Mas há, neste nosso tempo de desencontros, mais inquietação espiritual, mais sede de absoluto do que pensamos. Parece, por exemplo, que foi o próprio Kerouac a cunhar a expressão “beat generation”.
Ora, o termo “beat”, que tem mais de uma aceção, é em todo o caso a primeira parte da palavra beatitude, e isto obriga-nos a imergir nas raízes católicas de Kerouac, que são evidentes em larga parte da sua obra.
Numa das suas páginas diaristas escreve: «Deus, tenho de ver esta manhã o teu rosto através dos vidros poeirentos da janela, entre o vapor e o furor; tenho de sentir a tua voz sobre o clangor das metrópoles.
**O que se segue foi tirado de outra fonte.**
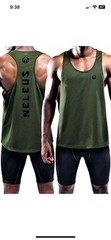 NELEUS Men’s LARGE Gray Dry Fit Logo Muscle Mesh Gym Workout Exercise Tank Top!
Estou exausto, Deus».
Num interessante volume de título roubado de uma canção de bruce Springsteen, “Hard to be a saint in the city: the spiritual vision of the Beats”, Robert Inchaust escreve que Jack Kerouac foi um dos mais humildes e devotos escritores americanos do século XX. E que desejou ser, mais do que um Philip Roth, uma versão jazz dos grandes místicos.
De muitos modos, temos de o reconhecer, o coração humano é uma jangada em chamas na direção do infinito.